EL PAíS
› PANORAMA POLITICO
REBELDIAS
› Por J. M. Pasquini Durán
“El hombre es la única criatura que se niega a ser lo que es”, escribió Albert Camus en El hombre rebelde. En el mismo texto puntualizó: “Si no se cree en nada, si nada tiene sentido y no podemos afirmar valor alguno, todo es posible y nada tiene importancia [...] Se pueden atizar los crematorios como puede uno dedicarse al cuidado de los leprosos. Maldad y virtud son azar y capricho”. Hasta no hace mucho, la sociedad argentina parecía condenada a ese ánimo absurdo, según el cual da lo mismo cualquier cosa. Los más sumergidos en ese marasmo, por lo general debido a la corrosión de la miseria, son los que matan o mueren con la misma indiferencia. Nada de pro o de contra, el asesino no tiene ni deja de tener razón, porque la vida humana se convierte en una apuesta. “No siendo nada verdadero ni falso”, advertía Camus, “el mundo no se dividirá ya en justos e injustos, sino en amos y esclavos”. En esas circunstancias, salvo por las consecuencias dañinas para la seguridad urbana, apenas una minoría mostraba espanto por la decadencia.
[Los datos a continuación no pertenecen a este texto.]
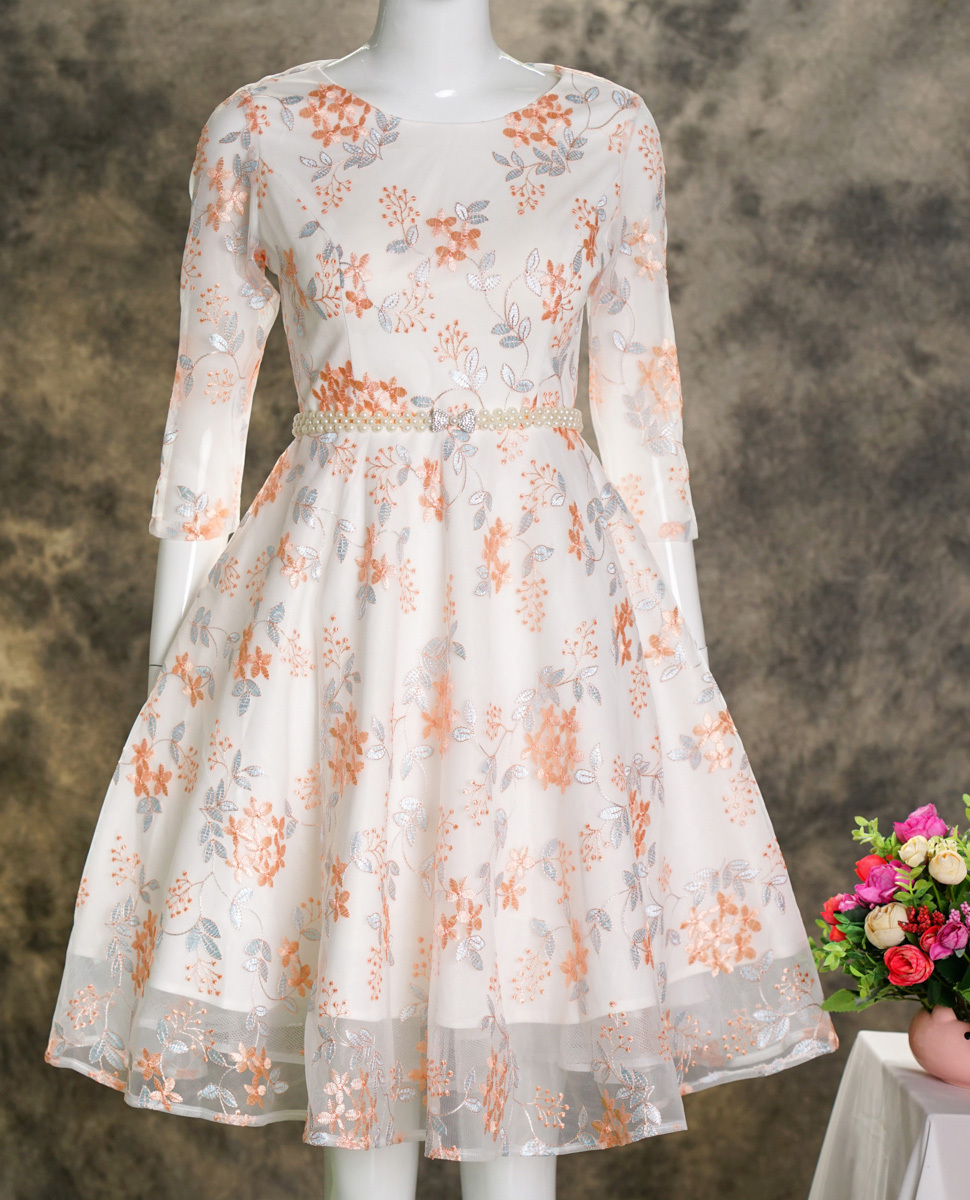 Đầm đẹp dáng xòe tay lở ren ép hoa màu cam nền trắng cao cấp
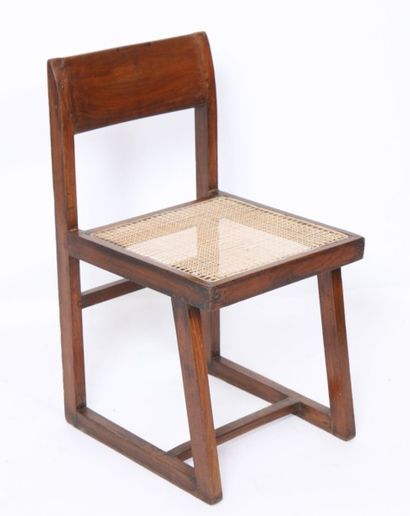 null Pierre JEANNERET (1896-1967)
Ensemble de six chaises en teck massif.
Dossier...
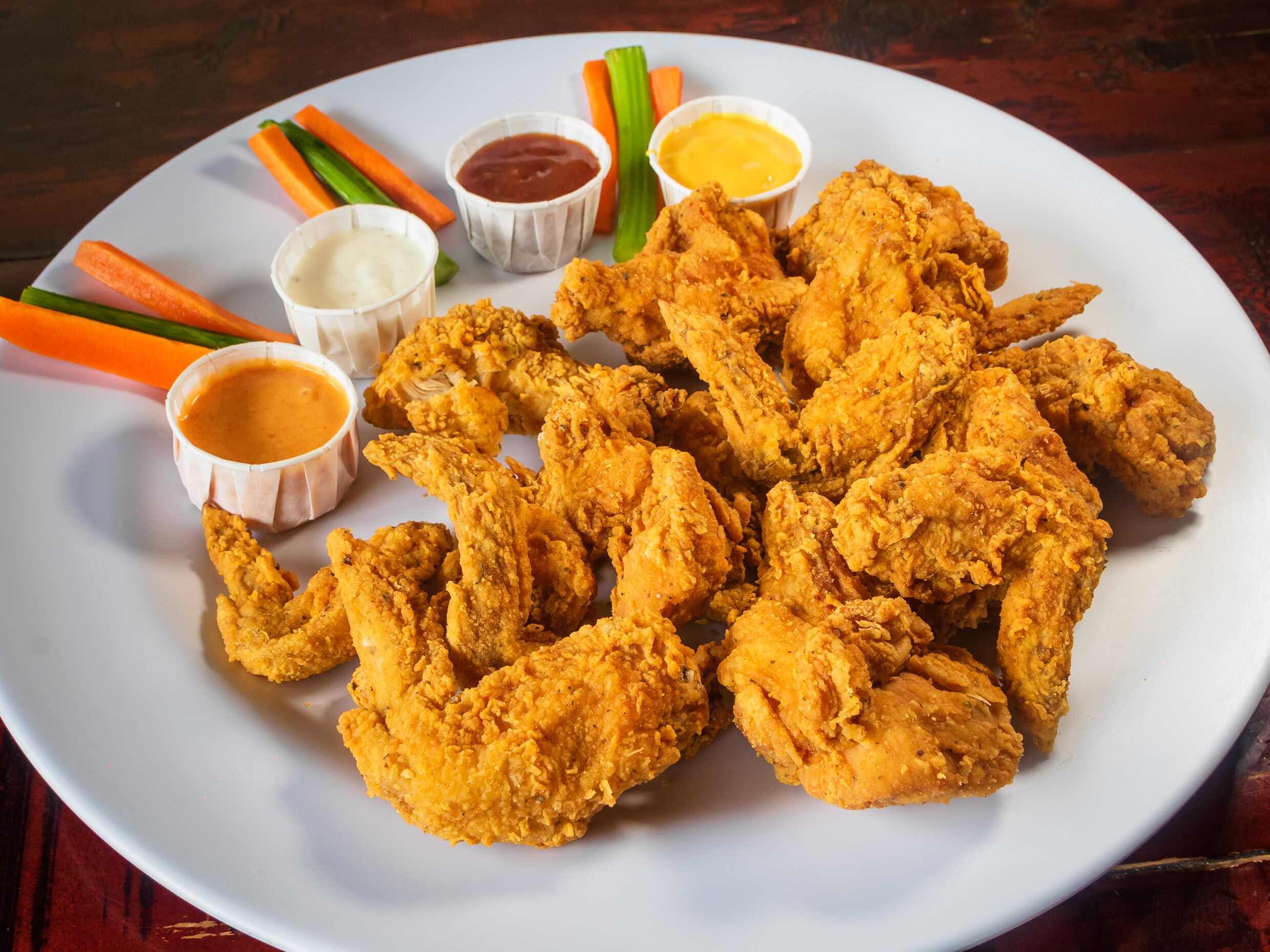 Alitas Con Salsa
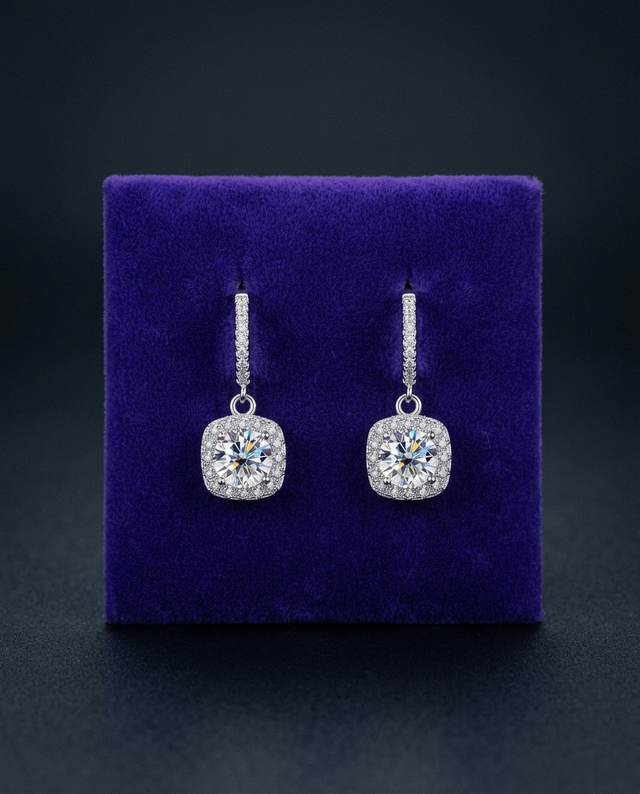 Showtime Gems velvet product photo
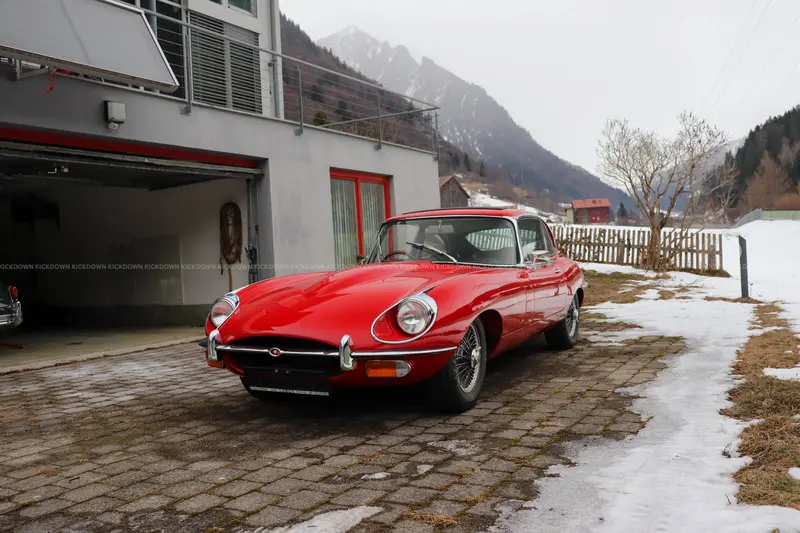 Jaguar E-Type 4.2 Serie 2 (1970), teilrestauriert, hochwertige Lederausstattung, Sammlerfahrzeug
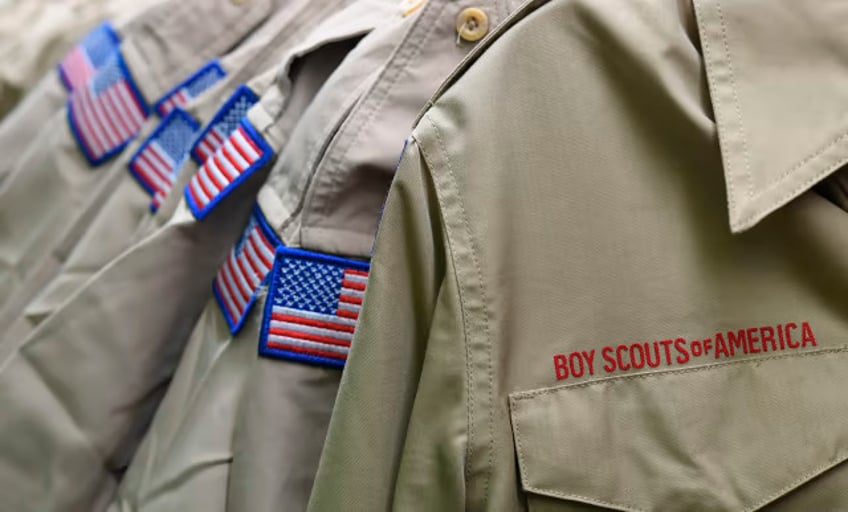ex macomb county boy scout leader charged with sexually abusing 2 children
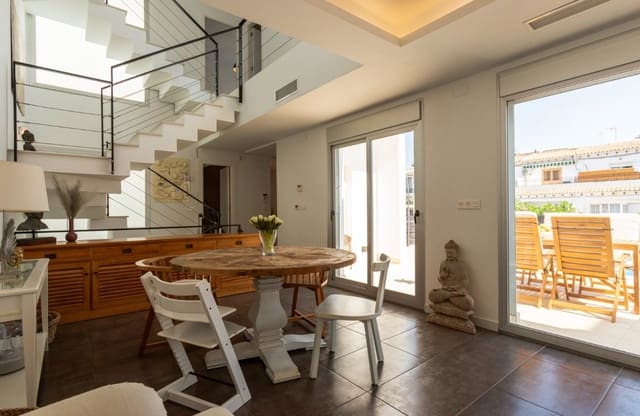 5 soveværelse Semi-Rækkehus til salg i Nueva Torrevieja - Aguas Nuevas, Torrevieja med swimmingpool garage - € 474.900 (Ref: 10101297)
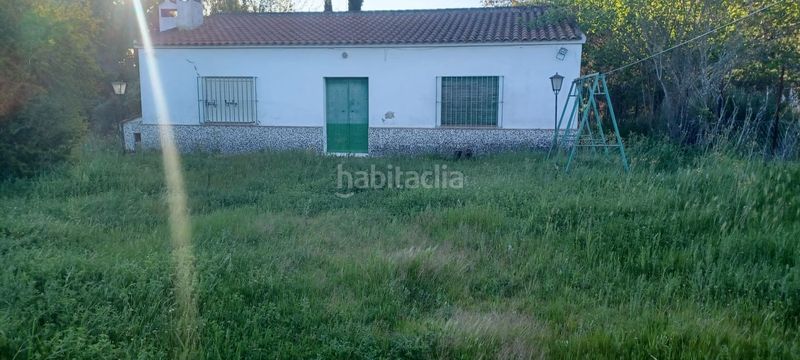 Foto bc676fe0-cf8e-4188-aa6f-c11cfabf98bb. Casa a Castilblanco de los Arroyos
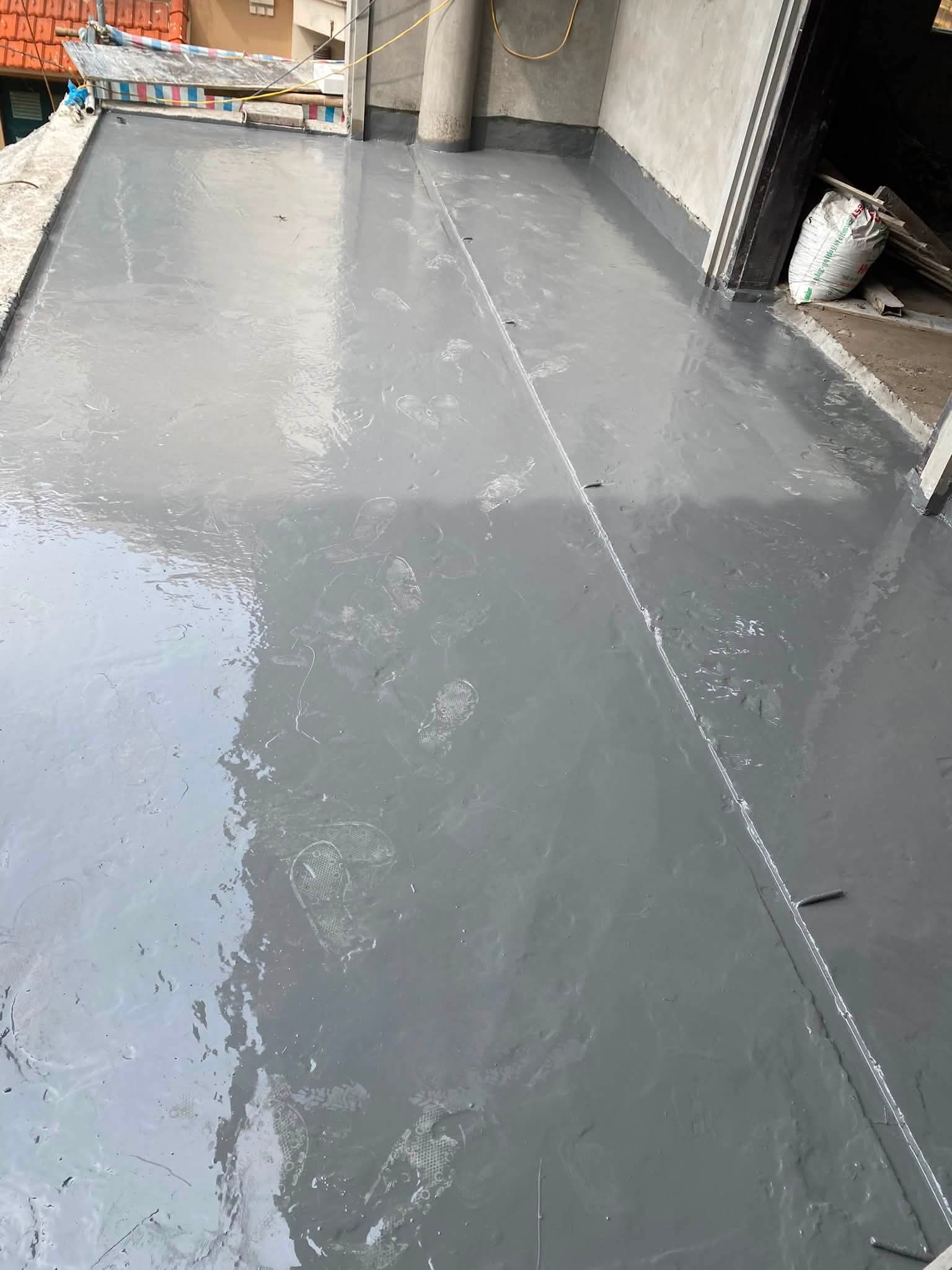 Khách hàngNguyễn Phi Longđánh giá về sản phẩmSơn chống thấm sàn mái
Pues bien: ese tiempo terminó, por suerte, desde el momento en que millones de argentinos abandonaron, aunque sea forzados por las circunstancias, el pasivo destino de consumidores, unos satisfechos y otros frustrados, para asumirse como ciudadanos y alzarse en rebeldía. Camus sostenía que “el movimiento de rebelión no es, en su esencia egoísta. Puede haber, sin duda, determinaciones egoístas. Pero la rebelión se hace tanto contra la mentira como contra la opresión”.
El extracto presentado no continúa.